The next speaker, Peter Lurie, visiting assistant research scientist at the University of Michigan's Institute for Social Research, has long criticized CDC, NIH and Johns Hopkins for using placebos when short-course regimens of AZT are known to reduce HIV transmission rates.
At the crux of Lurie's argument was his belief that Western researchers should provide care that is comparable to that offered in the sponsor's home country. The standard of care, he insisted, is the best treatment available, not merely what people in a particular developing country can afford. Otherwise, he said, the sponsoring country is taking advantage of the social predicament of its study subjects.
As for the informed consent gotten by AIDS researchers in Africa, Lurie said that patients in Cote d'Ivoire, for example, were approached to take part in placebo-controlled studies just minutes after learning they were HIV-seropositive, and many participating women believed they were receiving drugs that would cure them of AIDS. He added that the institutional review boards in some developing nations are inexperienced, often vote without a quorum and, as happened in Ethiopia, approve studies by slim margins. Lurie stated that some scientists from developing countries disagreed with placebo studies but were silenced by their awe of foreign researchers and by fear of losing their jobs.
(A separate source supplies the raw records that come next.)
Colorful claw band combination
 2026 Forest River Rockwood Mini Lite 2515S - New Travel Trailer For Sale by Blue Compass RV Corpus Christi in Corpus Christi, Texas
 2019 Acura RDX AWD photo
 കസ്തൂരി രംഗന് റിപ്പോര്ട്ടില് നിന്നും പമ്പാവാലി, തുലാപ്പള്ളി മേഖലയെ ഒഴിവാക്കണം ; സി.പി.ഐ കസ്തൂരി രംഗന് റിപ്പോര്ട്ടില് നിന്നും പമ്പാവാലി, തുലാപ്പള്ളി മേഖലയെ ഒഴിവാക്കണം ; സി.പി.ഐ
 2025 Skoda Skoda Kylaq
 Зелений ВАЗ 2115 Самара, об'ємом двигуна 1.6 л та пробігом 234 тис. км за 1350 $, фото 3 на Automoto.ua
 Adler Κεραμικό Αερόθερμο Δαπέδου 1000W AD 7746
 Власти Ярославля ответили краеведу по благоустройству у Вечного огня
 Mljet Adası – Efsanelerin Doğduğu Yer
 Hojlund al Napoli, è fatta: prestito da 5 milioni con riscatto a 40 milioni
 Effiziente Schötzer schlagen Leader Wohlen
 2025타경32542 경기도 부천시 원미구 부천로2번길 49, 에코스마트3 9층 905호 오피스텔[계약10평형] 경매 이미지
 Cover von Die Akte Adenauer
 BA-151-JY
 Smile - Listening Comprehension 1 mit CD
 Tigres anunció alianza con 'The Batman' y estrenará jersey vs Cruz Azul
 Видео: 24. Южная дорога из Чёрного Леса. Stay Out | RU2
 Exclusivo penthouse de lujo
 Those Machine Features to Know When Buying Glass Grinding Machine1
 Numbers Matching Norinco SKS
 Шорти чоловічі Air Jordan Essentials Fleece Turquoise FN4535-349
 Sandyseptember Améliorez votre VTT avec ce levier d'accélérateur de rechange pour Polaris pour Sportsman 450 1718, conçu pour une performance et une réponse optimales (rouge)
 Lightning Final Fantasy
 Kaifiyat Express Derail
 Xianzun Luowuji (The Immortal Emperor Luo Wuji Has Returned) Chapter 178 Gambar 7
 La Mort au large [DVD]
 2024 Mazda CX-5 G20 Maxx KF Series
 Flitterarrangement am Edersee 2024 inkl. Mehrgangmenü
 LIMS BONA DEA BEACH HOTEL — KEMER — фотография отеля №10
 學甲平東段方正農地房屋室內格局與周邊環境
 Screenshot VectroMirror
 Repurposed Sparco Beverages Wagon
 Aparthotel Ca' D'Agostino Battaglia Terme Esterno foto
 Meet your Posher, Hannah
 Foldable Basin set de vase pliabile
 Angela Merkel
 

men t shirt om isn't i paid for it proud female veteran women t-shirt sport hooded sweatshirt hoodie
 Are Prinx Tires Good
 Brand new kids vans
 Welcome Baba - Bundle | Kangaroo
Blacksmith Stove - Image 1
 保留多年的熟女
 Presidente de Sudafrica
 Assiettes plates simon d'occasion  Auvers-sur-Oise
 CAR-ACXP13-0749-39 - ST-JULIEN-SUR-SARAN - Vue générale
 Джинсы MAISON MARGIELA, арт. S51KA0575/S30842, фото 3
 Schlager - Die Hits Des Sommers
Norman Fost, professor of pediatrics and director of the Program in Medical Ethics at the University of Wisconsin, rebutted Lurie's argument. Fost said, "Dr. Lurie has said that even though no randomized clinical trial of SC AZT has been done, we have 'every reason to believe' that a short course of AZT is beneficial. But when you have every reason to believe something, that's exactly when you must do a controlled clinical trial." Fost noted that years ago Johns Hopkins physicians had had every reason to believe that giving struggling pre-term babies oxygen to breathe would be beneficial, and yet oxygen therapy blinded many of those babies.
The question of whether standard of care can be linked to standard of living or whether a single universal standard of care must be applied in every situation was a chief sticking point through the evening.
In the end, the participants seemed to be divided into two camps: idealists who saw clearly what justice would dictate in an ideal world, and their more realistic colleagues who must find partial solutions by carrying out clinical drug trials under conditions found in the developing world.